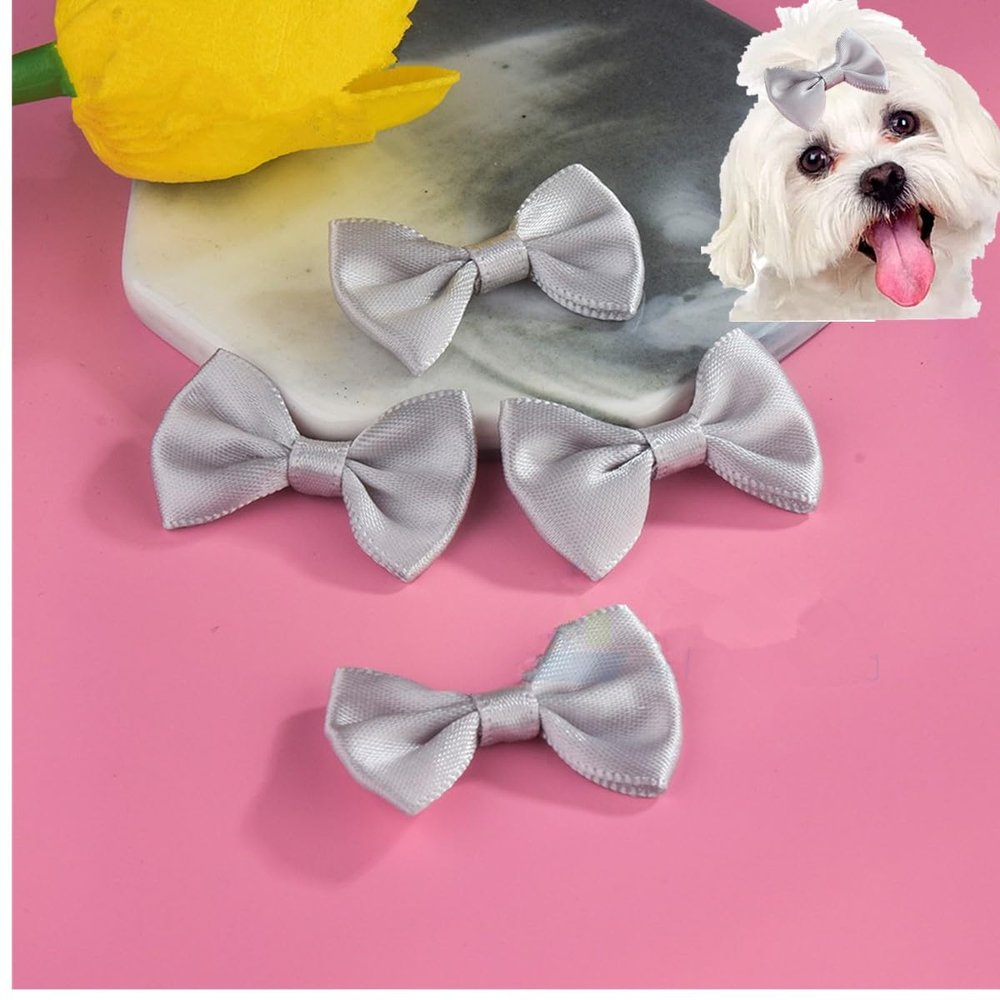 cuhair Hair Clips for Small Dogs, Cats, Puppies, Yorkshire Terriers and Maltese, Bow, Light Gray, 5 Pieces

━━━

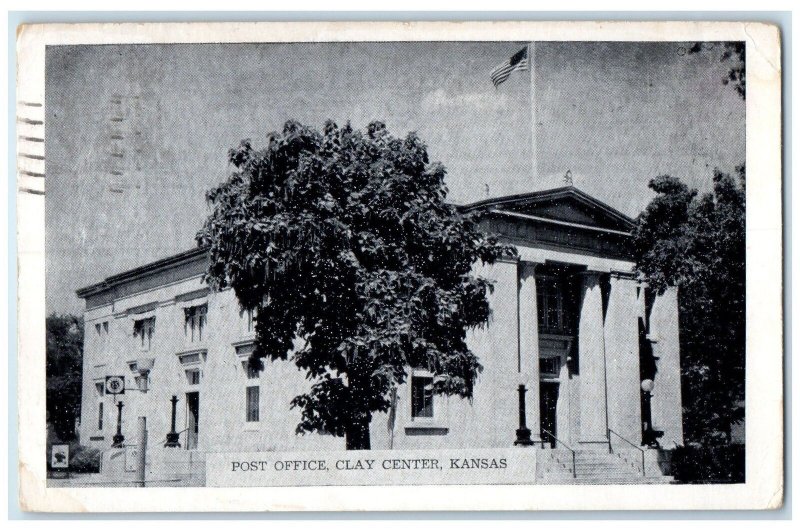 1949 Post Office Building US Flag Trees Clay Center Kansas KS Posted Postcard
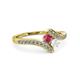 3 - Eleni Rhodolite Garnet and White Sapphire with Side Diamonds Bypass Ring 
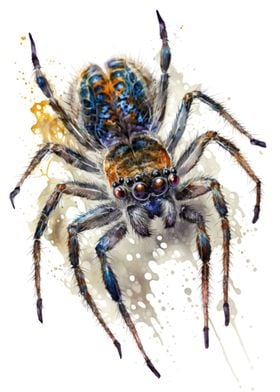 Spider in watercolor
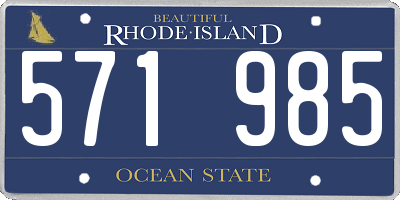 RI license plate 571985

━━━

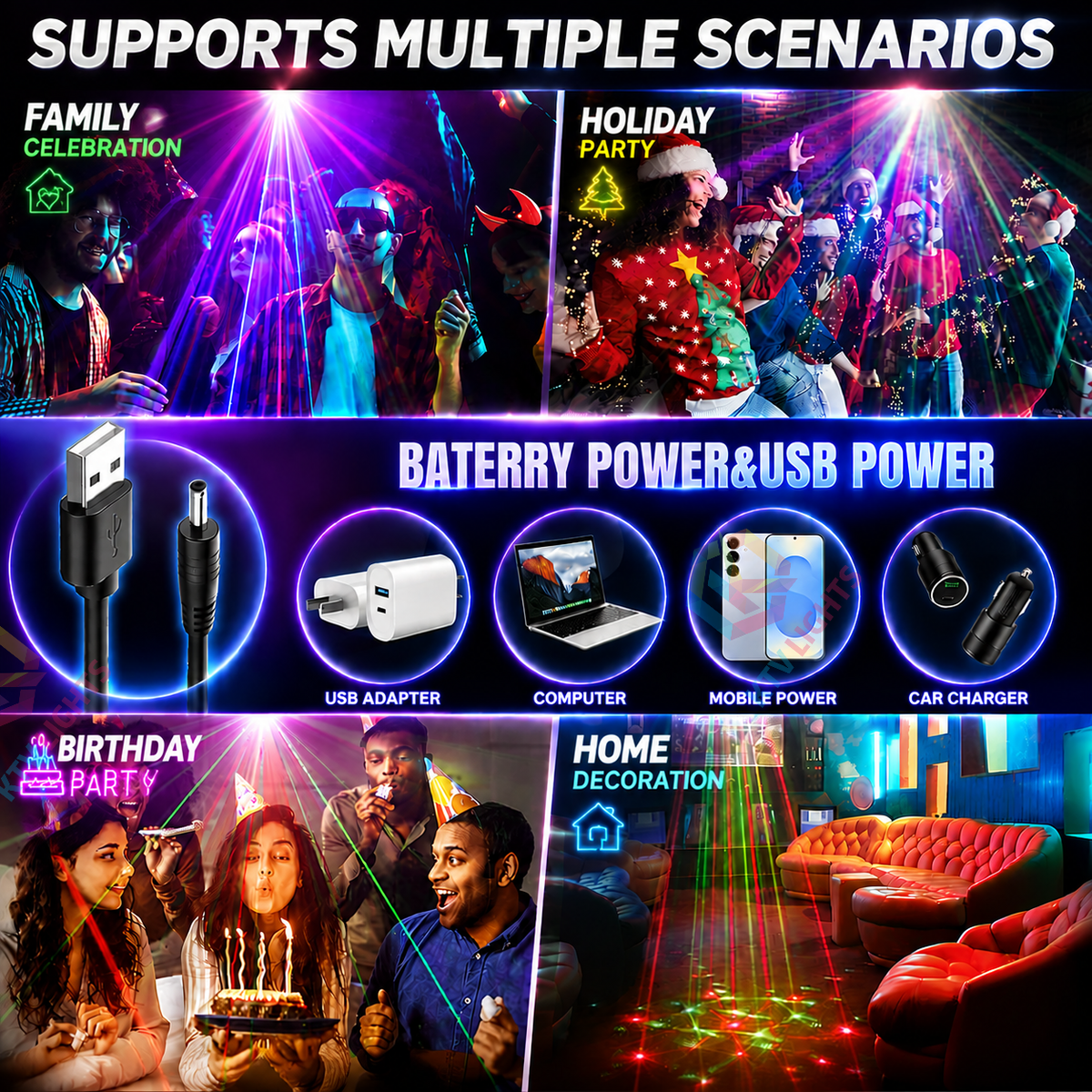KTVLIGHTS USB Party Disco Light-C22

━━━

--- GOAL OF THE EXERCISE ---
Pictures excluded, give again exactly and only the lines of the material above from the line with "1949 Post Office" through the line with "RI license plate 571985".

--- TASK OUTPUT ---
 1949 Post Office Building US Flag Trees Clay Center Kansas KS Posted Postcard
 3 - Eleni Rhodolite Garnet and White Sapphire with Side Diamonds Bypass Ring 
 Spider in watercolor
 RI license plate 571985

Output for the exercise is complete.